Crafting the "perfect" progress note is a common challenge among clinicians, often bogged down by the struggle of choosing the right words to accurately describe therapy sessions. This challenge encompasses the need to succinctly document the client's condition outside the therapy room, the interactions and progress made within the session, and an overall assessment of the client's response to treatment. Utilizing technical language not only aids in capturing these elements with greater precision but also streamlines the documentation process, making progress notes more efficient and effective.

The inclination to describe a client's experience in detail, as opposed to using concise technical terms, is understandable yet it prolongs the documentation process. For instance, opting to use 'ruminated' instead of detailing every thought a client had, or 'dysthymia' instead of describing long-term low depression levels, saves time without sacrificing the quality of the progress notes. The essence of integrating technical language into progress notes lies in achieving brevity without losing the depth and accuracy of client assessments and therapy outcomes.

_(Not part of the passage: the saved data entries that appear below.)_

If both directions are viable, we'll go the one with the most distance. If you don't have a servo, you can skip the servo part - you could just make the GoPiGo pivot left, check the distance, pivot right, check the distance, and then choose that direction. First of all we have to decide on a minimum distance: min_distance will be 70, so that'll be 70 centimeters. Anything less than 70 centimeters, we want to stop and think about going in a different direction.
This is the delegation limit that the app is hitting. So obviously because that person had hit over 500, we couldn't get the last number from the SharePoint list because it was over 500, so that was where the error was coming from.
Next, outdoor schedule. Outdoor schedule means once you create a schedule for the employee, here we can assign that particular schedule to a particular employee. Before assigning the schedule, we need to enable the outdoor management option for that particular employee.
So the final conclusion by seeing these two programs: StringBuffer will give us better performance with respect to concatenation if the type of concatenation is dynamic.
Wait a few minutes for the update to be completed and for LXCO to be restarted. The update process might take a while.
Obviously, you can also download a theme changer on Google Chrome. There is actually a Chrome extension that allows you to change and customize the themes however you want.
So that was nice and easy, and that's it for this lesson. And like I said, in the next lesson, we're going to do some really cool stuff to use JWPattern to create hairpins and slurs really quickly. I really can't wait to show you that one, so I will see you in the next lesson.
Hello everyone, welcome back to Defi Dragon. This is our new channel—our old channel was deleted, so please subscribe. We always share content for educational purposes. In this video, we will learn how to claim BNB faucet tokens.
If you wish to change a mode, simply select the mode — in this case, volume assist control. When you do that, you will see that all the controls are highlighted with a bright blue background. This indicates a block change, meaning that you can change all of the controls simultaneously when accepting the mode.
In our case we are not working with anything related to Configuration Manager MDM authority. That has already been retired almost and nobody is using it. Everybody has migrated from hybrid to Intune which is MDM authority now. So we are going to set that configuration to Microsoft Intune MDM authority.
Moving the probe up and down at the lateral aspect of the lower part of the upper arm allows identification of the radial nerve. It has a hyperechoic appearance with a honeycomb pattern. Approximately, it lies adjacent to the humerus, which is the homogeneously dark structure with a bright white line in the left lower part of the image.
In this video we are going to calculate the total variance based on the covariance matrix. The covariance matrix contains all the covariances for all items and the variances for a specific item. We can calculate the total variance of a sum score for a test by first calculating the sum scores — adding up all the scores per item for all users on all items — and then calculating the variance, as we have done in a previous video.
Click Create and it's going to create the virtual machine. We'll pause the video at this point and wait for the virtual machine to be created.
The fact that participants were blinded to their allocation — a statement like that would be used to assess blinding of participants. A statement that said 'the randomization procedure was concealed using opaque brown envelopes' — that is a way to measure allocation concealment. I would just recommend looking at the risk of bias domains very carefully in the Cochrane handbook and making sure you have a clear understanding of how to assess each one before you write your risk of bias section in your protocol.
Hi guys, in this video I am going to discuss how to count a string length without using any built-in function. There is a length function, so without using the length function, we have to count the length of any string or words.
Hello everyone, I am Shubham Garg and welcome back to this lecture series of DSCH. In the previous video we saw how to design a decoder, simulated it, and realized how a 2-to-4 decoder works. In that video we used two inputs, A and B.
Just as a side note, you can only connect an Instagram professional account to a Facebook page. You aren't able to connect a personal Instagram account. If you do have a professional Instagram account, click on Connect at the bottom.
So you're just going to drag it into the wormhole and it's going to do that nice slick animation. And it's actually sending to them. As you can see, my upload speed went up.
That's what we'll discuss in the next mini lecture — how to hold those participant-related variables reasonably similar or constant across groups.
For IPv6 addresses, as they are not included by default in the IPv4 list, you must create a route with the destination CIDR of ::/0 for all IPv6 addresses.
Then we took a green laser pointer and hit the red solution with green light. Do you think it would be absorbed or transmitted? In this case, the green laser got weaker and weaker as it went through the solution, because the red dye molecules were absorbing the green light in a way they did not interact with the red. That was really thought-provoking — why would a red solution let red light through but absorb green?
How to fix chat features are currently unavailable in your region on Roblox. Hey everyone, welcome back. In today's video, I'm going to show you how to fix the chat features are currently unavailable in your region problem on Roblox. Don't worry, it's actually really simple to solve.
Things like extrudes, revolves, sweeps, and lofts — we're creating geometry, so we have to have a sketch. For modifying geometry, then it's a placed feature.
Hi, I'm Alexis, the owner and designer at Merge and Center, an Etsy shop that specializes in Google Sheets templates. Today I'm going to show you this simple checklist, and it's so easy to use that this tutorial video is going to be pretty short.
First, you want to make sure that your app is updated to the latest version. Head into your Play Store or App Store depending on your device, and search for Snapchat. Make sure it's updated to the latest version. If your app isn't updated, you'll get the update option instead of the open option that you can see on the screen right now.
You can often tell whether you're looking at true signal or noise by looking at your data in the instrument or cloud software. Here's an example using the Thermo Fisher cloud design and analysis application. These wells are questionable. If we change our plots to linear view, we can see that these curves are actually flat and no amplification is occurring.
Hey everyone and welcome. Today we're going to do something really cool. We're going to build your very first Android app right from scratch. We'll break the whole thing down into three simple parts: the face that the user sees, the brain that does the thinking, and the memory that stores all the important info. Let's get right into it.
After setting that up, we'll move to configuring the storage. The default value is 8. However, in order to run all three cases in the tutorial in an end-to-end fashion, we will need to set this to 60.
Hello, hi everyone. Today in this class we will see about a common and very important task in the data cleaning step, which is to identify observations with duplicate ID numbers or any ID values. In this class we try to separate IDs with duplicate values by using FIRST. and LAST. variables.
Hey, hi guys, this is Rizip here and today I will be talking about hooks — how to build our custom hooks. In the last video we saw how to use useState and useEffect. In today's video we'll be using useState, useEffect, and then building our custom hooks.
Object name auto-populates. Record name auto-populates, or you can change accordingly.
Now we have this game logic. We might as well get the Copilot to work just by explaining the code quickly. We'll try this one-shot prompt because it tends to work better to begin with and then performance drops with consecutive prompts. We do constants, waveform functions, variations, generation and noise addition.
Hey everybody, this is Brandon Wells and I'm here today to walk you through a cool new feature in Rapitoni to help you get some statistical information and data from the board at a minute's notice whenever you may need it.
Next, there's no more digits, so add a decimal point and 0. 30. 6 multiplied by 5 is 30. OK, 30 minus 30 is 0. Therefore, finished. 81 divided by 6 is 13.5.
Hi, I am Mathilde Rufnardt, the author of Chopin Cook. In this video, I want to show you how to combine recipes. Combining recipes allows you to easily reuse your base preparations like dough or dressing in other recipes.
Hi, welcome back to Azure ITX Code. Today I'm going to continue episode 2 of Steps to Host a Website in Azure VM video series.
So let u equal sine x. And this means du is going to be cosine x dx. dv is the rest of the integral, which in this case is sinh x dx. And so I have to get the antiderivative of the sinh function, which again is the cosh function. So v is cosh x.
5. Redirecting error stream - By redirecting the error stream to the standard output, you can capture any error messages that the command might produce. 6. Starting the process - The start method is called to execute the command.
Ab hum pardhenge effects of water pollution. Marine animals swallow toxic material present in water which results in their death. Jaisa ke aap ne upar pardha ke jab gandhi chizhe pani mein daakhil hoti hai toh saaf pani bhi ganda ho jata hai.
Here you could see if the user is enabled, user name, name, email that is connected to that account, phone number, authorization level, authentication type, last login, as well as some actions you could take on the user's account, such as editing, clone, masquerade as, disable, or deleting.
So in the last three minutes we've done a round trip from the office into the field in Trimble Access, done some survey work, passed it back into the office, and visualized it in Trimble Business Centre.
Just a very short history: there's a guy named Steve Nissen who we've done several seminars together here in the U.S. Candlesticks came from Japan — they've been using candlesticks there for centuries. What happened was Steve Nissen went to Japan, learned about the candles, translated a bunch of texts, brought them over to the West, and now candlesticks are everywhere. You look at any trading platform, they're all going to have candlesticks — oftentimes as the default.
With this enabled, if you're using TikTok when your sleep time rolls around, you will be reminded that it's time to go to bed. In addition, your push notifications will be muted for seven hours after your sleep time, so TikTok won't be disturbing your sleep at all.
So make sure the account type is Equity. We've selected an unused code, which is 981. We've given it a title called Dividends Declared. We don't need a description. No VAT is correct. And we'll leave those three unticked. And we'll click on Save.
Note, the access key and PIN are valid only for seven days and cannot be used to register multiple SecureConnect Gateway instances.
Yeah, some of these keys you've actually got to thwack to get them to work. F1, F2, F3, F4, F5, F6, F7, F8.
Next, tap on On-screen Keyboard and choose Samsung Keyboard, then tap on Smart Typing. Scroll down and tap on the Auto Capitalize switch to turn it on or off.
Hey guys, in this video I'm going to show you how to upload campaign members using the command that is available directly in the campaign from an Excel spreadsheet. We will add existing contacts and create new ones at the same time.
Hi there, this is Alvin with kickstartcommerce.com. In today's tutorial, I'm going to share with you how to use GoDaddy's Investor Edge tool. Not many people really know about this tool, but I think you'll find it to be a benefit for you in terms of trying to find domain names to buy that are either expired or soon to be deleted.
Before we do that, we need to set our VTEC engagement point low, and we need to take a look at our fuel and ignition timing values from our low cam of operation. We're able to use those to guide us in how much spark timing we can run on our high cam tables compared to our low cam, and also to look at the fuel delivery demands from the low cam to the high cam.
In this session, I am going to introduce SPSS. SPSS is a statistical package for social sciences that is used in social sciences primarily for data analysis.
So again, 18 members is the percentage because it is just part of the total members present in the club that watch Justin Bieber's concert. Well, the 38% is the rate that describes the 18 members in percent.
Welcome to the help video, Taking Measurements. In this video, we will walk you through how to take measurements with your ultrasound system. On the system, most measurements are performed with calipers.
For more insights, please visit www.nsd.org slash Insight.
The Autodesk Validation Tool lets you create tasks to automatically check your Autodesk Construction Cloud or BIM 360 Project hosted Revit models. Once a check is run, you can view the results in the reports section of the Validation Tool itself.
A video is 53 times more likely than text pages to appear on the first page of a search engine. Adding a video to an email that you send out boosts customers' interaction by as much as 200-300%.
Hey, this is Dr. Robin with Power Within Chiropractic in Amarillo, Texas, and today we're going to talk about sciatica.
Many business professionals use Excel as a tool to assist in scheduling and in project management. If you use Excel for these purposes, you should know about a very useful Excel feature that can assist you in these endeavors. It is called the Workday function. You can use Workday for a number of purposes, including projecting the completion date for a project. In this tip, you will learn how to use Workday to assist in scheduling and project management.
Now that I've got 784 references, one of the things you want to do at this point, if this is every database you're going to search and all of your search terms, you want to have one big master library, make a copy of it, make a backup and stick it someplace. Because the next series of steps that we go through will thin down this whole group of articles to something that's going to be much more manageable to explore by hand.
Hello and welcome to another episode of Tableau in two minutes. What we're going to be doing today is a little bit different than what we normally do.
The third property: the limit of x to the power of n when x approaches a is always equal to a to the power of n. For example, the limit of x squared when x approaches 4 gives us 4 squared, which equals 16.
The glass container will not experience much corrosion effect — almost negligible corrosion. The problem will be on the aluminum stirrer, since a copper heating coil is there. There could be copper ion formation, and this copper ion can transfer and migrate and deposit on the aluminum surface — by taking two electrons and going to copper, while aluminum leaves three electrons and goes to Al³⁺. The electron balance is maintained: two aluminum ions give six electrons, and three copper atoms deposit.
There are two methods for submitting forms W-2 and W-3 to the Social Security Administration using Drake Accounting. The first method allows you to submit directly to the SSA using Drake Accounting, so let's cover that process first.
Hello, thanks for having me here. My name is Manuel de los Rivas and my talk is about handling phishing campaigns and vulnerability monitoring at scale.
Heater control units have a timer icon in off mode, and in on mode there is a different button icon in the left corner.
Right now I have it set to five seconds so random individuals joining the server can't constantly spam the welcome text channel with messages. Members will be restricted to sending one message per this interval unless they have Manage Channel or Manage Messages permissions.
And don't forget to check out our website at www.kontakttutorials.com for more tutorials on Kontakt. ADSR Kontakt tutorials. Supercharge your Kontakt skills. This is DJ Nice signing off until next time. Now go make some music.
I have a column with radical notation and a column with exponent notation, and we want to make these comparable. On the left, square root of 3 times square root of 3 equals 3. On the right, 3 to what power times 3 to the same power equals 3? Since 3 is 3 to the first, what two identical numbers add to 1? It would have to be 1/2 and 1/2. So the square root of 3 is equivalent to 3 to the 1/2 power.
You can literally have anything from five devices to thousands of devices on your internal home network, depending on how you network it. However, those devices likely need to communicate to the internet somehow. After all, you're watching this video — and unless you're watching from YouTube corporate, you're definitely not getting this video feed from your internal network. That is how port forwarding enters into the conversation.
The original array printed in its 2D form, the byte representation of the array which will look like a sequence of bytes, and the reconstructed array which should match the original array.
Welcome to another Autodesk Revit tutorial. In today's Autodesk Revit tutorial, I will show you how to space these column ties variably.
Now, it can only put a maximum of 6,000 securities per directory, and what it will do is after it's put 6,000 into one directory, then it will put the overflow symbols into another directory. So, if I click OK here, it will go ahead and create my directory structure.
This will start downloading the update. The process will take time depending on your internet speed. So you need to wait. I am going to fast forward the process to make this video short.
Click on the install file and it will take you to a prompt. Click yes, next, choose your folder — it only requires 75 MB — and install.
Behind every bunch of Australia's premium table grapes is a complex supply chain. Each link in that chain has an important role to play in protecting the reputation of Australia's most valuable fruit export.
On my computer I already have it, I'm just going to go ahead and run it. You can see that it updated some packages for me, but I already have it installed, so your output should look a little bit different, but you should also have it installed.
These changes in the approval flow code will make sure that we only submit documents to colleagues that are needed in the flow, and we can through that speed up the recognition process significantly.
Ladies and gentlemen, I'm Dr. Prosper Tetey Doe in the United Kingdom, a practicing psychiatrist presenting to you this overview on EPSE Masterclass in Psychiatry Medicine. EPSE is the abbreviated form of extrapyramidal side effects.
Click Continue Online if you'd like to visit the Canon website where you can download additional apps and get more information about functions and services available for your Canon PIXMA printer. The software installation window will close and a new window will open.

For clinicians not yet comfortable with technical jargon, simple strategies such as creating a personal glossary or paying extra attention to the language used in continued education courses could enhance their documentation skills. Embracing technical language doesn't just streamline documenting processes; it significantly enriches the clinician's approach to treatment planning, client assessment, and overall perception of clinical work. This shift not only elevates the quality of client care but also empowers clinicians with a more structured and focused approach to therapy documentation.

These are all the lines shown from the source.